In a world, the opinions of which are drawn from outside shows, many things may be paradoxical, (that is, contrary to the common notion) and nevertheless true: nay, because they are true. How should it be otherwise, as long as the imagination of the worldling is wholly occupied by surfaces?[11]
Coleridge’s fidelity to spirit and distrust of matter must be kept in mind throughout this discussion. For there is a great temptation to describe his ideas concerning error by means of analogies drawn from the worlds of physics and mathematics, worlds in which Coleridge was always ill at ease. The truth about error, he believed, can be discovered only at a level of thinking that transcends the mutual exclusions of impenetrable material objects and only, therefore, where a balance is struck beyond quantity. It is tempting, for example, to suppose, by analogy, that when two is added to two, the error called “five” is produced, not because five is not four, as we would normally think, but because five is insufficiently three. Such an example, how ever, reduces the second conception of error to absurdity, for it applies the conception in a way that Coleridge never intended. Coleridge was, in fact, little concerned in his writings with such things as arithmetical mistakes, with what might be called material errors or errors of fact. To miss the mark in the literal sense of shooting one’s arrow past a target, to mistake an alligator for a log, to think that it is ten o’clock when it is only seven, to add numbers incorrectly: all such forms of hamartia fall outside Coleridge’s special area of interest. He is concerned, instead—almost exclusively—with what might be called spiritual errors or, more precisely, with the errors that result when spiritual truths are made to conform to a kind of thinking that is applicable only to matter: the errors that result, even more precisely, when the first conception of what it means to hit a mark is mistakenly applied to a mark that may be hit only in a way consistent with the second conception. To understand Coleridge’s meaning of error, one must therefore understand what he means by truths of spirit.

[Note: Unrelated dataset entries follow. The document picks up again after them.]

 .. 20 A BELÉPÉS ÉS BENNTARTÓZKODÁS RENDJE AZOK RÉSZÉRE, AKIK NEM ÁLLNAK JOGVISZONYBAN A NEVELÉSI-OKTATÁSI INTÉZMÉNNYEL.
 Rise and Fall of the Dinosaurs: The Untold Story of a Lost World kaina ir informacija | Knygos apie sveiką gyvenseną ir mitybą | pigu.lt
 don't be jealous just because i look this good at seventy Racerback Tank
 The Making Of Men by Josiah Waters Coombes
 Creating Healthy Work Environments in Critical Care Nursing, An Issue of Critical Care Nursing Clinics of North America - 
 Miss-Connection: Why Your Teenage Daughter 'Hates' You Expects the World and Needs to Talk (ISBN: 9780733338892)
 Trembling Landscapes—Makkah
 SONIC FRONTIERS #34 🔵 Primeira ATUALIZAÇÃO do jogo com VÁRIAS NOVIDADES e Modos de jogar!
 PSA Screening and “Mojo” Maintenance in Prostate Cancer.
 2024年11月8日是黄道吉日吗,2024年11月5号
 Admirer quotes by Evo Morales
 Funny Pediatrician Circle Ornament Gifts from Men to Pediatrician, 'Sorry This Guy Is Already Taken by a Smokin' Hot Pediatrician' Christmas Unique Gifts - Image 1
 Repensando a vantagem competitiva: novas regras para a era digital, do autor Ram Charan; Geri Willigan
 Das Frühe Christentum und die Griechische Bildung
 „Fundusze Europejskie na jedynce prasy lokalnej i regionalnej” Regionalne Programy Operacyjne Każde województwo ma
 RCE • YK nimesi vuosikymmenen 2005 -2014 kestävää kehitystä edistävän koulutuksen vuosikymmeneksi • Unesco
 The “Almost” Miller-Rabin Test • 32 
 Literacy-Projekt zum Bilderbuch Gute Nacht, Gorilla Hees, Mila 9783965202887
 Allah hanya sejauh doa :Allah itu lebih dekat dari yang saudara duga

It should be said, first, that truths of spirit always involve unity. We anticipated this point earlier, of course, when speaking of the relationship between truth and the meeting of extremes. Like every Romantic of his age, Coleridge aimed in all of his thinking and writing, whether in verse or prose, toward unity, wholeness, participation. Like the other Romantics, he was able to rest content only with a vision of the world in which everything was intrinsically related, everything an expression of a single principle, everything both affirmed and enhanced by its inclusion in ever deeper, more comprehensive, yet more subtle wholes. The seeming divisions of subject and object, value and fact, the inner man and the outer world, must be overcome in a single truth that embraces all. M. H. Abrams has observed that “Romantic philosophy is thus primarily a metaphysics of integration, of which the key principle is that of the ‘reconciliation,’ or synthesis, of whatever is divided, opposed, and conflicting.”[12] With their love of nature, life, organism, the Romantics were much alike in seeking to express the sense of a whole whose power could be discerned only in its primacy to parts. And Coleridge was enough more than like in this search to be considered their paradigm.
But it must be said, secondly, that Coleridgean truths of spirit involve a very special kind of unity. Coleridge seems to have realized that the call for oneness is among the easiest and most fatuous of calls a man can make. And thus, while it is necessary to understanding Coleridge, the idea of unity, alone and unqualified, is insufficient, even as a starting-point. Not just any unity is adequate for truth.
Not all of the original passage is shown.